Tapping the Ultra-Pure Potential in Wastewater
As director of engineering John Monk notes, clean water “is critical to our ability to make microelectronics. It is used for all wet processing, working with acidic or basic chemicals, etching materials and, in some cases, depositing materials such as when plating metal.” The use of UPW makes it possible for ATL to create some of the world’s most advanced microelectronics, including key technology infrastructure for projects such as the James Webb Space Telescope and the APG-81 and APG-83 radars.
But “clean” isn’t enough; water must be ultra purified to remove any trace of chemical or mineral contamination.
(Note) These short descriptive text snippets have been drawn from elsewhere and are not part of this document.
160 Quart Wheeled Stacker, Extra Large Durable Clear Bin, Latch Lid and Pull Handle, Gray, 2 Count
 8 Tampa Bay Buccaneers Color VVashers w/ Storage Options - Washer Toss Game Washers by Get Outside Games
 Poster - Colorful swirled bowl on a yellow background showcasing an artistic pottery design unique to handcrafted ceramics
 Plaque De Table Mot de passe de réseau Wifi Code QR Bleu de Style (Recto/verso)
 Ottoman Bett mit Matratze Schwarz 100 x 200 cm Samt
To streamline the process and ensure UPW is always available on-demand, Northrop Grumman recently replaced an on-site deionization plant capable of treating municipally supplied water and turning it into UPW. However, as production output ramped up, so did the amount of potable water used and the amount of wastewater created. To help improve efficiency and reduce total potable water usage, Facilities, Environmental Health and Safety (EHS), and UPW plant operators and engineers began looking for ways to reduce water consumption without impacting operational throughput. The solution? Resource repurposing.
Water, Water Everywhere
Water is water, right? Not quite. In the case of potable drinking water, dissolved minerals and chemicals are absorbed by humans to benefit bodily functions. In the case of microelectronics manufacturing, those same organic and inorganic materials can create critical defects or unexpected electric currents that render the products being made unreliable at best and useless at worst.
The same is also true in reverse. While Scientific American notes that the negative charge of water molecules in an ultra-pure state make them a “super cleaner” given their ability to capture even the tiniest specks of dirt or debris, UPW would be terrible as a thirst-quenching beverage since, as the SA piece puts it, “If you were to drink ultra-pure water, it would literally drink you back,” sucking out valuable chemicals from saliva. Not a great choice.
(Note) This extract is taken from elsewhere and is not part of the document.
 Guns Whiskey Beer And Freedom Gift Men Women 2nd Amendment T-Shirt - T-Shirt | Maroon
And just as consumed drinking water is converted into waste by the human body, so too is UPW as it is used in the manufacturing process and discharged to the local municipality. To help reduce total resource use, the EHS team first reached out to the deionization plant’s operations team and then, in 2016, contracted Stantec to conduct water use assessments. These were “designed to identify cost-effective water conservation measures and provide rough order of magnitude cost estimates for conceptual opportunities identified by Stantec and the site personnel,” according to environmental sustainability program lead Mike Ensor.
The results were clear: The greatest potential savings came from the addition of secondary treatment process that could repurpose used UPW as supply water for the deionization plant.
Reduce, Reuse, Repurpose
“When I suggested reusing the wastewater, they jumped on the idea,” said Lou Yannone, the plant’s chief engineer. But the path to repurposed UPW wasn’t easy. The original deionization plant was nearing its end of life in 2018, so the team decided to double up and combine the two efforts into a single new plant. However, as Monk notes, “It was critical that they proved to everybody that the water quality was still the same before we made any changeovers — and we are measuring some things in the parts per billion category.”
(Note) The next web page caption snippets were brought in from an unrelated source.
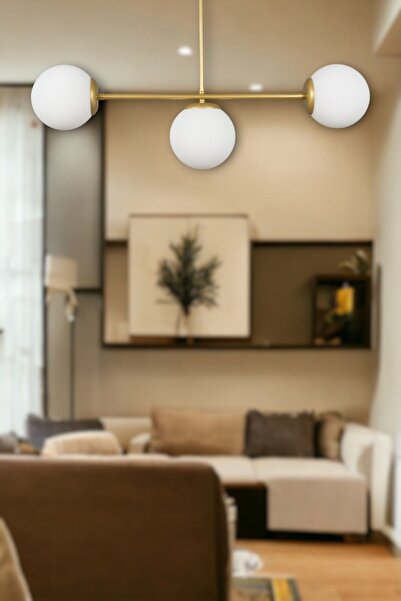 Fer Avize Neron Özel Tasarım Eskitme Renk Globe Beyaz Camlı Salon - Mutfak - ...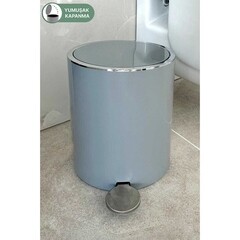 Ведро для мусора Primanova Lenox с крышкой 5 л пластик серое с педалью - фото 6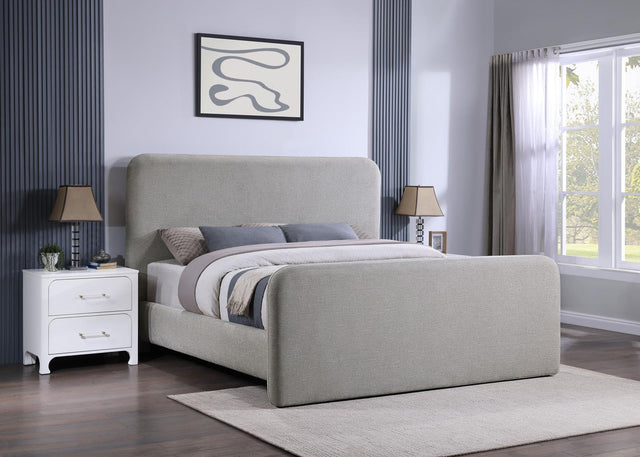 Wren Upholstered Queen Platform Bed Grey 302052Q - Ella Furniture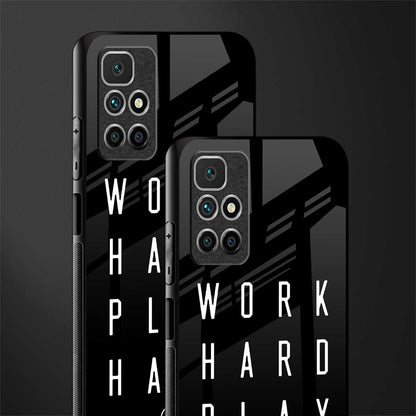 work hard play hard glass case for redmi 10 prime image-2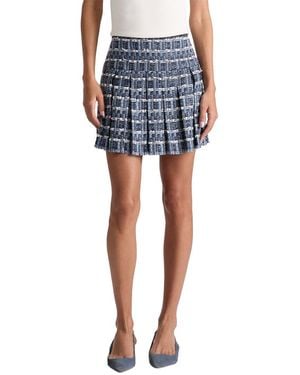Alice + Olivia Emilie Frayed Box Pleated Mini Skirt - Blue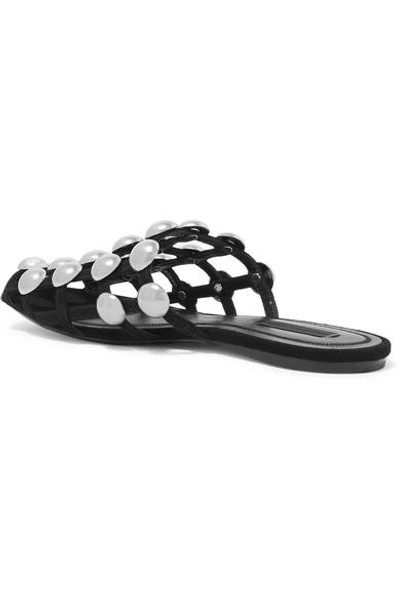 Shop Alexander Wang Amelia Studded Suede Slippers In Black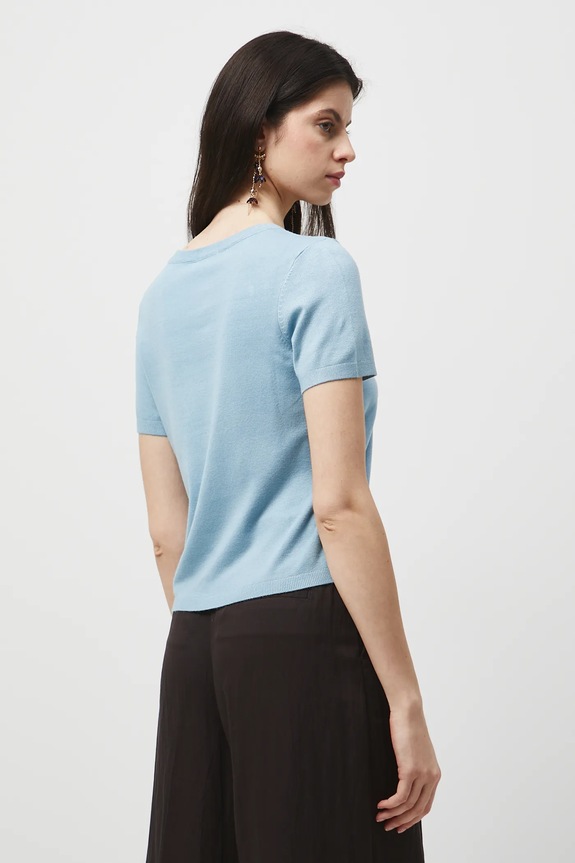 Tričko dámské hladký povrch, s viskózou modrá RW25-TSD304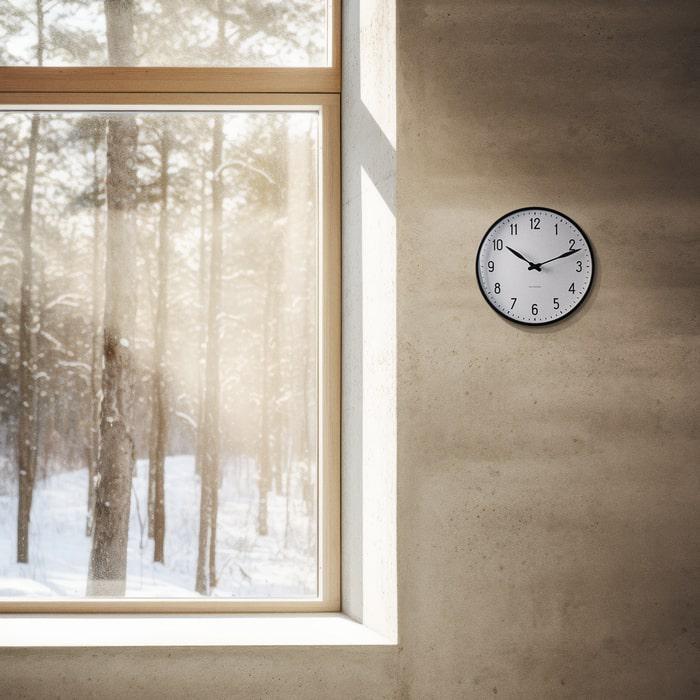 Arne Jacobsen Clocks 43633 Station Wall Clock in White/Black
After confirming that the content of the repurposed and treated resource met or exceeded the original supply water quality, the team was free to move forward with redevelopment, but according to Yannone, “It was very, very high pressure because what we were doing could potentially shut down the labs, which was the last thing we wanted to do.”
The team decided on a phased approach that integrated pieces of the new system one by one to keep the old plant operating even as new infrastructure was built. Facilities engineering manager, Jack Leek noted the magnitude of this effort. “From research to design to demolition and implementation, the team leveraged a systems thinking approach to anticipate any and all impacts resulting from the multi-staged project.”
The project took more than two years from design to completion. “Every meeting, design review, equipment tie in, and control point was designed to ensure we continue to deliver the highest quality of water to the labs” said equipment engineer Jeff Shapanka. In April 2020 the new deionization plant and wastewater reuse system was fully operational. Today, ATL operates at almost a 50% reuse rate, meaning half of each gallon is repurposed and retreated for use in ATL.
The results speak for themselves. In its first six months of operation, the new plant saved 16.5 million gallons of water, and Northrop Grumman’s efforts were recognized with the California Industrial Environmental Association’s 2020 Environmental Excellence Award.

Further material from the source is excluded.